Can I reset the "Unfold processor " to create more than 100 columns or any alternative method please
Hi,
I would like to do a dummification on the data field "Insured City".
However, it will create more than 100 columns, which is the maximum number allowed for the Unfold processor in the prepare recipe. It is a way I can increase the number of columns created or is there is an alternative method to the Unfold processor, please?
Thanks,
Sam
Answers
-
tgb417 Dataiku DSS Core Designer, Dataiku DSS & SQL, Dataiku DSS ML Practitioner, Dataiku DSS Core Concepts, Neuron 2020, Neuron, Registered, Dataiku Frontrunner Awards 2021 Finalist, Neuron 2021, Neuron 2022, Frontrunner 2022 Finalist, Frontrunner 2022 Winner, Dataiku Frontrunner Awards 2021 Participant, Frontrunner 2022 Participant, Neuron 2023 Posts: 1,601 Neuron
You don't say anything about how you plan to use this dummified data.
If you plan to use it for model building inside DSS's visual model building.
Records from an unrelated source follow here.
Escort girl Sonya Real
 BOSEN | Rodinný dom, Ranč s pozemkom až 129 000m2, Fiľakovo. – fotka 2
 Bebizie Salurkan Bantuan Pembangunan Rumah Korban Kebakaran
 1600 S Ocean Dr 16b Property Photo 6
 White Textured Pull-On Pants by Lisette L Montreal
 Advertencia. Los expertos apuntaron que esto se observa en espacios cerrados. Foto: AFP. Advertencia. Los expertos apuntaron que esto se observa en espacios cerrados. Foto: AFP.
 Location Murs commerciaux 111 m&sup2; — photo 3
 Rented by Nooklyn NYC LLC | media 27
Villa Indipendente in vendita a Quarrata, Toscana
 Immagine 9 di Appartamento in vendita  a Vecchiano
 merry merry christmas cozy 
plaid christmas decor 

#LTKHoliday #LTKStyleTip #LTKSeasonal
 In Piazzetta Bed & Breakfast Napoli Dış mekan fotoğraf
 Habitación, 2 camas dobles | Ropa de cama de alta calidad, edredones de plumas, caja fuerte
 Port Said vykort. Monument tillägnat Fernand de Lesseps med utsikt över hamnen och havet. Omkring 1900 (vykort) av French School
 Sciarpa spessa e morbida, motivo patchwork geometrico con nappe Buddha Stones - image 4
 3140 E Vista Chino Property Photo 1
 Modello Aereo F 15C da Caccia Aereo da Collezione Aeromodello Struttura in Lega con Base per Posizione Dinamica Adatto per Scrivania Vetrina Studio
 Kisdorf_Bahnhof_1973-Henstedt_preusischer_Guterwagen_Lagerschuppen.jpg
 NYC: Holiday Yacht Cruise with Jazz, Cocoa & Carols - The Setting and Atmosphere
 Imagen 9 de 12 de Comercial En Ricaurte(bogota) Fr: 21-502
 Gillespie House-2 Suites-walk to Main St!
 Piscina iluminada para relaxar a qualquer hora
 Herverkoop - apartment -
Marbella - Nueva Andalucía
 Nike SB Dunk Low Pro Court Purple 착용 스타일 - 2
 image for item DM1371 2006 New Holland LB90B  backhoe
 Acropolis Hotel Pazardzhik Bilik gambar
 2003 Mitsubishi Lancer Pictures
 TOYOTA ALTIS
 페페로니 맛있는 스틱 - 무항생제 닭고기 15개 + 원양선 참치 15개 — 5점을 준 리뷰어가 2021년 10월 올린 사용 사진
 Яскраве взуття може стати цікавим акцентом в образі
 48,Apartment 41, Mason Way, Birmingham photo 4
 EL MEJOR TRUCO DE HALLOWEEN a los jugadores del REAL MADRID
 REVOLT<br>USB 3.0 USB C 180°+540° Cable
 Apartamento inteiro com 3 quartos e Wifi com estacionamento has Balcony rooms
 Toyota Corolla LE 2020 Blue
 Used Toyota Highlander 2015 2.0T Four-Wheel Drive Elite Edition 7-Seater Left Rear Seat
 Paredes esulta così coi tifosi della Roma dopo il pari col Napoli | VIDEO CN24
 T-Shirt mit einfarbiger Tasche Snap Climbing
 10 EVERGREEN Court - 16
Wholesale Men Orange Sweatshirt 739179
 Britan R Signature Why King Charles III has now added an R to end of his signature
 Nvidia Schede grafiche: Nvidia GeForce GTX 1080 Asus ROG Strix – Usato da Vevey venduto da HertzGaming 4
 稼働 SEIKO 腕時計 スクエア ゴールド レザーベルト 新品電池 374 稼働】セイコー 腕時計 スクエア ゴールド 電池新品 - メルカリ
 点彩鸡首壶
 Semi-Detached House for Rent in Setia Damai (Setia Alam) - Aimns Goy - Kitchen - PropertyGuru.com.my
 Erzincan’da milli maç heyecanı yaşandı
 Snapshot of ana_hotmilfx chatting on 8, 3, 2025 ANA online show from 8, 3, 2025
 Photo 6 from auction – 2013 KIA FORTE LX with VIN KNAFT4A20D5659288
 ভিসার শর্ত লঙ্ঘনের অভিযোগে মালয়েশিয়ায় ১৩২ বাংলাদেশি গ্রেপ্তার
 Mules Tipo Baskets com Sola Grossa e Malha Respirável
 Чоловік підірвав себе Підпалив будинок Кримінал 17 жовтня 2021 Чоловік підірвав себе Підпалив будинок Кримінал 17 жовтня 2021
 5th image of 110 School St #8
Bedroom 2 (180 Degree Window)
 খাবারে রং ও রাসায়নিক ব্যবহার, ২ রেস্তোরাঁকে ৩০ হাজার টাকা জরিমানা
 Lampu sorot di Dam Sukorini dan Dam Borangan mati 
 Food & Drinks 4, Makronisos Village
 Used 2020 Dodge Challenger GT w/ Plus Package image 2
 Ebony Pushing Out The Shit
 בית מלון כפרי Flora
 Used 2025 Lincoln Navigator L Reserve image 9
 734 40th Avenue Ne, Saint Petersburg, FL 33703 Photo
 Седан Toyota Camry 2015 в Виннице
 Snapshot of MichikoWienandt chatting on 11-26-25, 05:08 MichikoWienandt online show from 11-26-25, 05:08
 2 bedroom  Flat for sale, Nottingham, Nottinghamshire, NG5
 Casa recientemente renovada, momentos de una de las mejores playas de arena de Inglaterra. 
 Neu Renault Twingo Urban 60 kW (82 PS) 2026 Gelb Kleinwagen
Then built into the Lab Visual ML recipes there are a series of feature handling for categorical features
and text variables.
These are how I usually handle dummification.
Here is a video showing the use of these various encoding options for Catagorical and Text features. This will give you a sense of the ideas. However, the video is a bit old and the UI has changed some.
https://academy.dataiku.com/machine-learning-basics-open/522100
Here is the current documentation.
https://doc.dataiku.com/dss/latest/machine-learning/features-handling/index.html
Follow up here and let us know how you are getting on with this, or share a bit more detail about your use case.
Welcome to the Dataiku Community.
-
Hi Tom,
Thank you for your help. I was trying to perform the one hot encoding technique, hoping to transform a categorical variable data field into numerical so that the accuracy of ML algorithms can be improved. I should be able to do so with the Category handling by selecting the Dummy-encoding.
Many Thanks,
Sam